Lectures on the Theory of Games

By Harold W. Kuhn | Go to book overview

Chapter Three
Extensive Games

3.1 Some Preliminary Restrictions

By now the reader will have suspected that matrix games must play an important role in the theory of zero-sum two-person games and that they are much more inclusive than they may have appeared at first sight. Indeed, it may be asserted that all finite zero-sum two-person games can be reduced to matrix games. The critical reader may justly complain that this statement is meaningless since wehave never defined what constitutes a game. Furthermore, although he understands vaguely what is meant by the word “game,” his ideas on the subject are nonmathematical and give no clue as to how to verify the connection between these and the mathematical concept of a matrix game. The heart of the problem is close to this confusion; in fact, our assertion above was a non-mathematical assertion. To verify that it is true, we must provide an axiom system with its interpretation for finite games in general and show that this coincides, as an interpreted system, with the notion of a matrix game for zero-sum two-person games.

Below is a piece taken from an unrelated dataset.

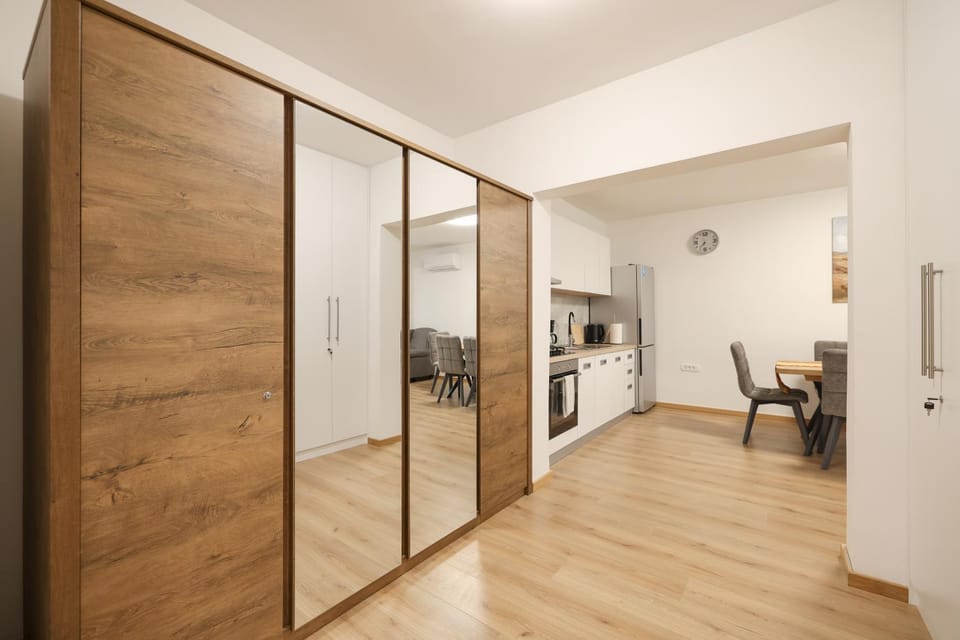 Kitchen or kitchenette, Dining area, oven, stove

We will be concerned only with the coincidence of certain aspects, indeed, exactly the strategic aspects which formed the basis of our definition of a solution. We have already solved this problem in the special instance of Simplified Poker; although the payoff matrix contained none of the verbal apparatus of the game given by its rules, we were convinced that it carried enough of the strategic possibilities to find a solution.

Therefore, our main problem in this chapter will be to give an axiom system with its interpretation which formalizes our intuitive notion of a game. The strict purist will not be satisfied with these axioms since they are framed in geometric language which could be axiomatized in turn. However, this is a mere quibble; we will make constant use of the intuitive insight given by the geometric model.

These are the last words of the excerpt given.